For the following question, enter the correct numerical value up to TWO decimal places. If the numerical value has more than two decimal places, round-off the value to TWO decimal places. (For example: Numerical value 5 will be written as 5.00 and 2.346 will be written as 2.35) A particle is thrown with velocity \( u \) making angle \( \theta \) with vertical. It just crosses the top of two poles each of height \( h \) after 1 s and 3 s respectively.
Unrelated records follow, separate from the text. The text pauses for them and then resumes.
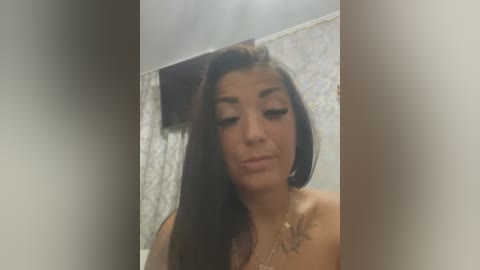 Media: Video of a Latina woman with long, dark hair and medium skin tone, wearing minimal makeup, in a bathroom with a tiled wall.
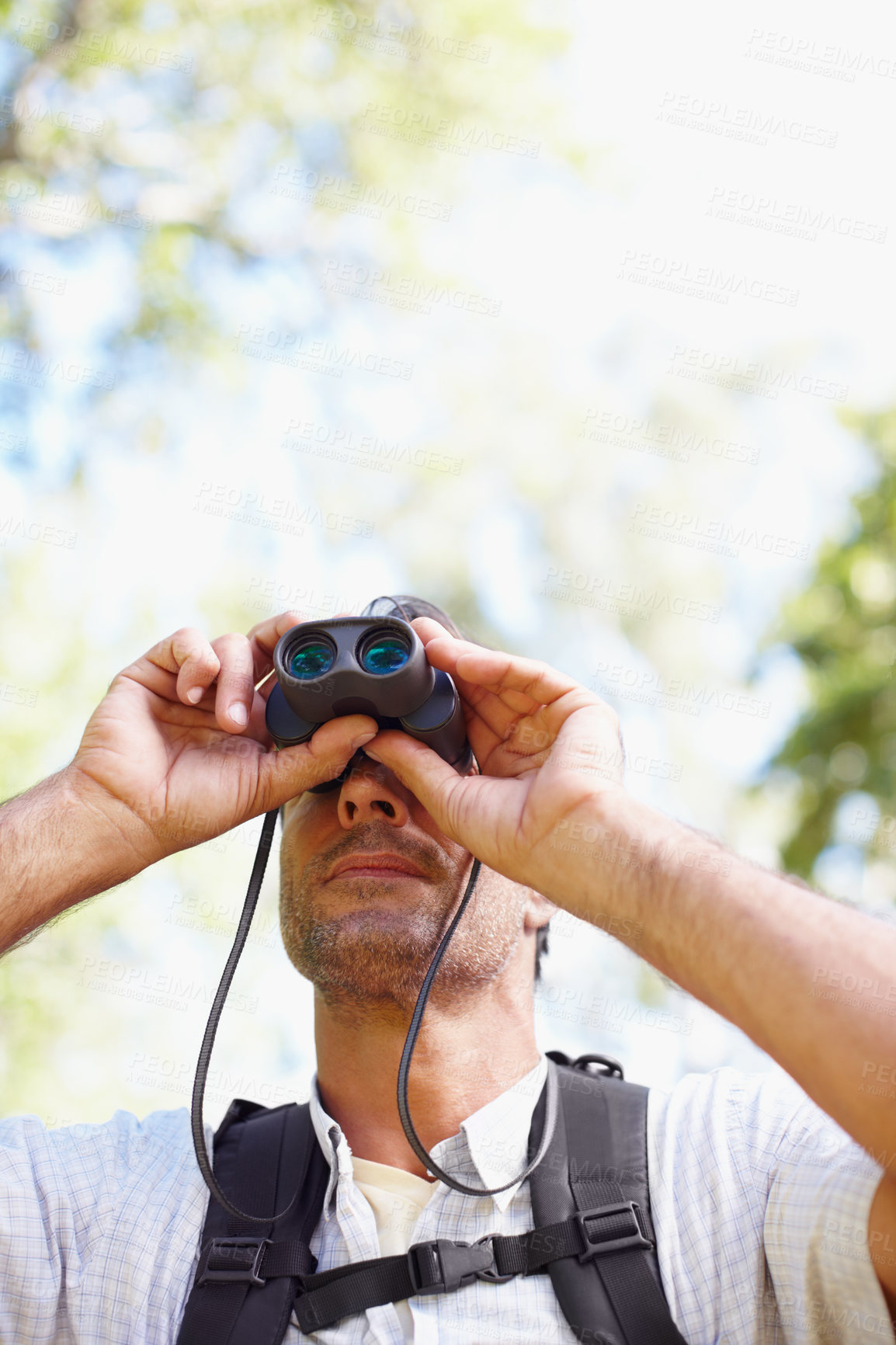 Buy stock photo Man, binoculars and outdoor hiking in nature, tourist adventure and tool for woods discovery. Male person, countryside and glasses for bird watching or sightseeing, hobby and explore wilderness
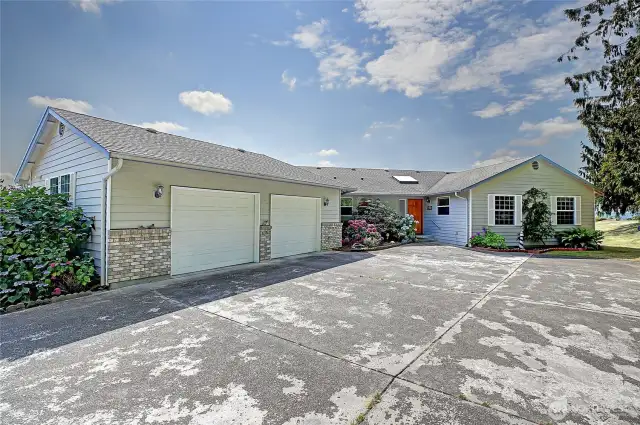 Large, paved driveway that takes you to main entrance and three car garage!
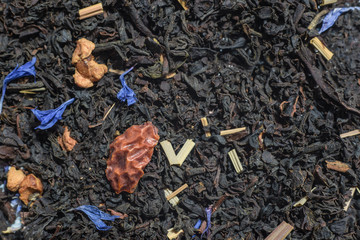 black tea with flowers and fruits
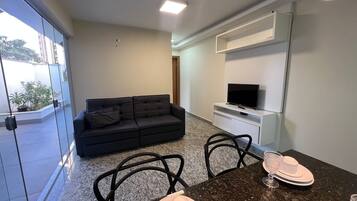 A modern living room with a dark leather sofa, a flat-screen TV on a white stand, and a dining area with a granite countertop and chairs.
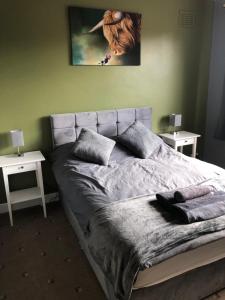 1 dormitorio con 1 cama con 2 mesas y una foto en la pared en 2 Bedroom Bungalow, en Mawdesley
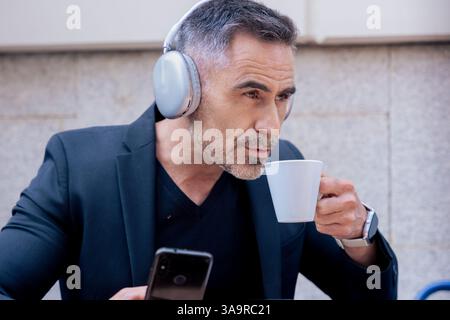 Mature caucasian businessman with headphones drinking coffee and using smartphone Stock Photo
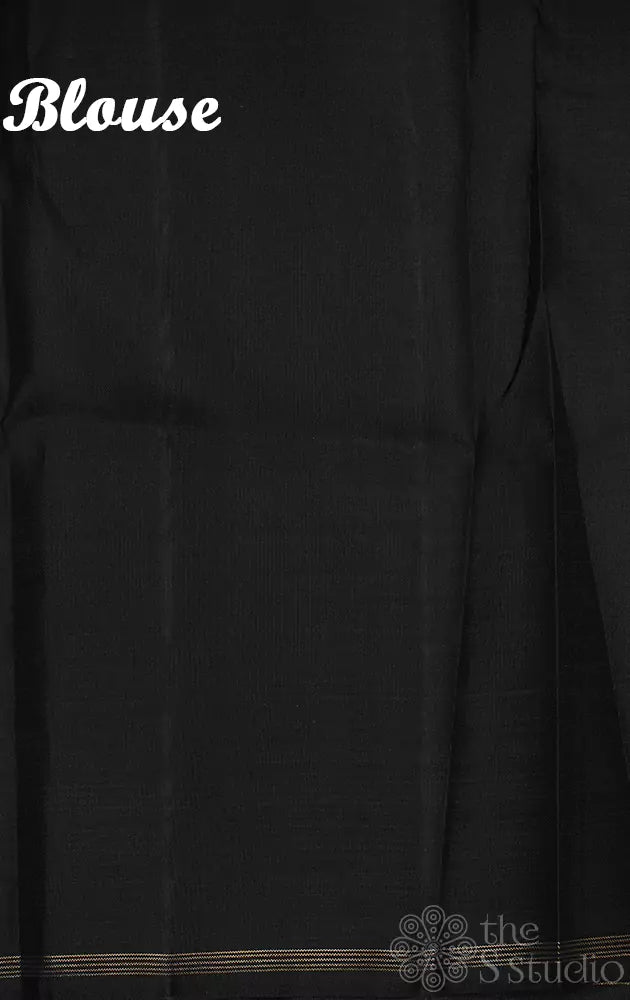 White kanchi pattu saree with floral prints and black pallu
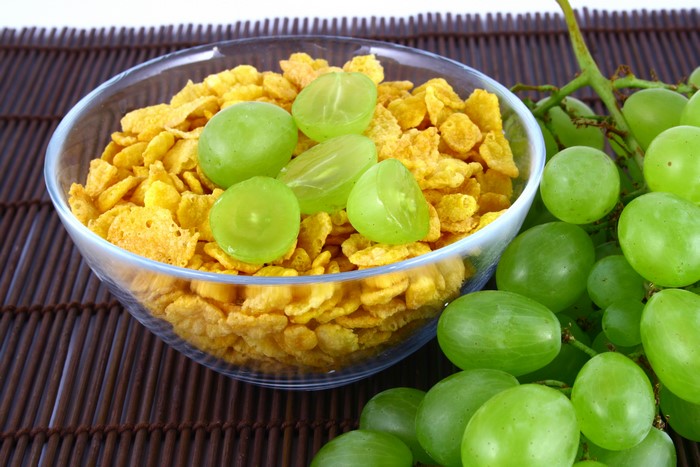 Corn flakes and green grapes in a bowl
The maximum height of the projectile is _____

Hint:

If a projectile crosses the same height at times \( t_1 \) and \( t_2 \), then \( u_y = \dfrac{g(t_1+t_2)}{2} \).

Answer 1

Correct Answer: 19.6

Step 1: Vertical motion of the projectile is given by \[ y = u_y t - \frac{1}{2}gt^2, \] where \( u_y \) is the vertical component of velocity.
Step 2: Since the projectile crosses the same height \( h \) at times \[ t_1 = 1\,\text{s}, \quad t_2 = 3\,\text{s}, \] the vertical component of velocity is \[ u_y = \frac{g(t_1+t_2)}{2}. \]
Step 3: Substituting values, \[ u_y = \frac{9.8(1+3)}{2} = 19.6\,\text{m s}^{-1}. \]
Step 4: Maximum height of a projectile is \[ H = \frac{u_y^2}{2g}. \] \[ H = \frac{(19.6)^2}{2 \times 9.8} = 19.6\,\text{m}. \] Hence, the maximum height of the projectile is \[ \boxed{19.60} \]